WHAT YOU NEED TO DO – Print, from the listing below, the lines starting at the line containing "Russian President Vladimir" and ending at the line containing "An Art Deco", exactly as they stand, and print nothing else.

MATERIAL SUPPLIED –
--------------------------------------------------
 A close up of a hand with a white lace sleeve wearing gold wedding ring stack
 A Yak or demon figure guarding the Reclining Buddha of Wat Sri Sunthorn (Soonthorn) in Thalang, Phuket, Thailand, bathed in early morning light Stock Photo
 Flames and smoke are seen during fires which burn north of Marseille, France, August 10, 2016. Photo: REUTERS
--------------------------------------------------
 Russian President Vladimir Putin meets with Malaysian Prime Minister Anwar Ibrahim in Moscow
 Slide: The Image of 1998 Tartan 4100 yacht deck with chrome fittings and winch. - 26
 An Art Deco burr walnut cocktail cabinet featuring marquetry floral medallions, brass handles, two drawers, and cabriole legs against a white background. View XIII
--------------------------------------------------
YOUR RESPONSE –
 Russian President Vladimir Putin meets with Malaysian Prime Minister Anwar Ibrahim in Moscow
 Slide: The Image of 1998 Tartan 4100 yacht deck with chrome fittings and winch. - 26
 An Art Deco burr walnut cocktail cabinet featuring marquetry floral medallions, brass handles, two drawers, and cabriole legs against a white background. View XIII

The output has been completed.